What you need to do: Among the lines below, list those containing the string "sale".

Dataset records:

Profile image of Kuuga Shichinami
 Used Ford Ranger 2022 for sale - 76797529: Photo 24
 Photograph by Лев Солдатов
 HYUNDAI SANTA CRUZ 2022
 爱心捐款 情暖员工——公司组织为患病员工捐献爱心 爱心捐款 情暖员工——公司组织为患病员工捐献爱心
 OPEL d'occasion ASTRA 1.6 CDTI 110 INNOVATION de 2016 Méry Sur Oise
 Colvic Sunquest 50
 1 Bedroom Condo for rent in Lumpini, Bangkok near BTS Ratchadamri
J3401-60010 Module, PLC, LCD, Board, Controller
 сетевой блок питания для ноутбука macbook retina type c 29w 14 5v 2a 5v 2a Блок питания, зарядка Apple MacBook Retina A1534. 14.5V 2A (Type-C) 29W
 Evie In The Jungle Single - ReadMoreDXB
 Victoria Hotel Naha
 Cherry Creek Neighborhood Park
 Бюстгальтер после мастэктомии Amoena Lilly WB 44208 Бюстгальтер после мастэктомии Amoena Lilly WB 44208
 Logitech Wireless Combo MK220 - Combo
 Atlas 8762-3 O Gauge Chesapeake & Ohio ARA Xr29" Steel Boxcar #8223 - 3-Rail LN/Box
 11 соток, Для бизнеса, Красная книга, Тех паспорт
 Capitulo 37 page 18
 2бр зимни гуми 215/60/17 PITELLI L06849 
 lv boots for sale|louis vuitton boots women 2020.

Solved exercise:
 Used Ford Ranger 2022 for sale - 76797529: Photo 24
 lv boots for sale|louis vuitton boots women 2020.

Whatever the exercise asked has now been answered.